Comment… mais en évaluant bien sûr. Le Dr G propose que chaque secrétaire demande à l’issue de la consultation si le docteur l’a pesée ou pas. Il lui suffira de cliquer sur la case adéquate dans le logiciel de сonsultation. Il est important que ce soit la secrétaire qui le fasse, l’administration sachant pertinemment que le corps médical a des difficultés à s’auto-évaluer. Le SIM établira des requêtes sur le logiciel pour suivre l’évolution de cet item sur 5 ans. On se propose de confronter ces don- nées aux objectifs d’une rentabilité responsable. Pour l’obstétrique, les choses seront assez claires : il s’agit de l’issue des grossesses. Il suffit que le service informatique modifie le logiciel de saisie des salles d’accouchement pour affiner l’étude des conséquences des prises de poids sur le résultat obstétrical, ce qui devrait se faire en 5 à 6 séances de travail avec le SIM, la cellule technique du service informatique, les équipes de cadre de la direction du service des soins infirmiers (DSSI) et peut-être un obstétricien. Il faudra fixer un cadre de définition au bénéfice. Certains bénéfices sont cachés…
Si certes, un accouchement simple sous péridurale (qui ne nécessite presque plus de présence sage-femme et qui sort au 2e jour) rapporte plus d’argent à l’hôpital qu’une césarienne simple pour dystocie par macrosomie, une césarienne compliquée d’un bel abcès de paroi avec pour- quoi pas un choc septique est très rentable pour l’hôpital. La réflexion devra porter sur les prises de poids extrêmes, qui peut-être redeviennent rentables. Mais il ne faut pas perdre de vue que le cadre budgétaire est variable dans le temps, notamment les cotations qui seront allouées pour chaque pathologie par la T2A.
Le plus simple serait de créer un comité de suivi mixte activant la Direction des Affaires Financières, de l’Informatique et Contrôle de gestion (DAFIC), le SIM, la DAEL, et peut être un obstétricien (mais le corps médical est manifestement peu intéressé par la maîtrise de son outil de travail). Il pourrait se réunir 2 fois par an. Il est raisonnable de prévoir la création d’un mi-temps d’adjointe administrative pour le suivi. Pour la gynécologie les choses sont plus complexes, l’objectif à évaluer pouvant être la durée de vie, les pathologies de surcharge etc.. d’emblée on peut dire que la réflexion devra être plus large, ouvrant le champ à des
horizons innovants mais qui vont mettre en oeuvre une collaboration transversale, qui permettra de tester les capacités de réactions à la fois de la structure hospitalière (SIM,DAEL,DAFIC, DSSI), mais aussi des tutelles : l’ARH, le Conseil Général qui ne peut être que partie prenante, ainsi que l’ORSAL pour l’épidémiologie. Une convention sera signée entre tous ces intervenants par l’intermédiaire des présidents des conseils d’administration. Il faudrait prévoir un secrétariat permanent, une cellule de communication (qui éditera les brochures « une balance pour quoi faire » qui seront à la disposition du public dans le hall d’accueil du 4e 55 étage de la Cité Administrative à Colmar) et prévoir un demi-véhicule mis à disposition par l’hôpital.
Et voilà, le Dr G est fier par ses propositions, d’avoir apporté sa modeste contribution à cette grande aventure qu’est la participation à un service public responsable conscient des contraintes financières.

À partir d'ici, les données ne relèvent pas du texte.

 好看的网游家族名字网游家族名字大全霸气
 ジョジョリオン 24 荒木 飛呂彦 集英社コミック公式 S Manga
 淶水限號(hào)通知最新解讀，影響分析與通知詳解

Car n’oublions pas, il s’agit d’argent public qui est l’argent de toute la nation, et qui ne doit pas être gaspillé pour l’achat de balances inutiles. Le mois prochain il réfléchira au protocole de changement des mètres ruban qui servent à mesurer la hauteur utérine et qui sont actuellement devenus difficilement lisibles.

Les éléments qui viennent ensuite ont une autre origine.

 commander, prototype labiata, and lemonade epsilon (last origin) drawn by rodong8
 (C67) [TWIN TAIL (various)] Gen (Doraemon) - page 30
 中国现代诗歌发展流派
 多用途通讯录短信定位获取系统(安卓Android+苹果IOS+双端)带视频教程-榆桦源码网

Dernière minute : la direction de la clientèle (DECP) et notamment la cellule contentieux rappelle que pour éviter tout litige, c’est la responsabilité personnelle du médecin de pincer le col des femmes, de les peser et de mesurer les utérus quand elles sont enceintes indépendamment de l’aspect organisationnel qui ne relève que de la stratégie de l’établissement telle qu’elle est définie par la nouvelle gouvernance.